▶ How to complete this task
Beginning with the line where "Gartentisch 160 x" appears, restate the lines word for word through the last one in the listing.

▶ Available data
____________________

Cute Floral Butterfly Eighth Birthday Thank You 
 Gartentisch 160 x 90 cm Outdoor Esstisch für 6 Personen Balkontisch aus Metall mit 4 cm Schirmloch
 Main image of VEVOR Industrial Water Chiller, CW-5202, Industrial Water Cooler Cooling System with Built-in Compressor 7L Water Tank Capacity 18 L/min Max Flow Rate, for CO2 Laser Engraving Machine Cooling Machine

____________________

▶ Output of the task
 Gartentisch 160 x 90 cm Outdoor Esstisch für 6 Personen Balkontisch aus Metall mit 4 cm Schirmloch
 Main image of VEVOR Industrial Water Chiller, CW-5202, Industrial Water Cooler Cooling System with Built-in Compressor 7L Water Tank Capacity 18 L/min Max Flow Rate, for CO2 Laser Engraving Machine Cooling Machine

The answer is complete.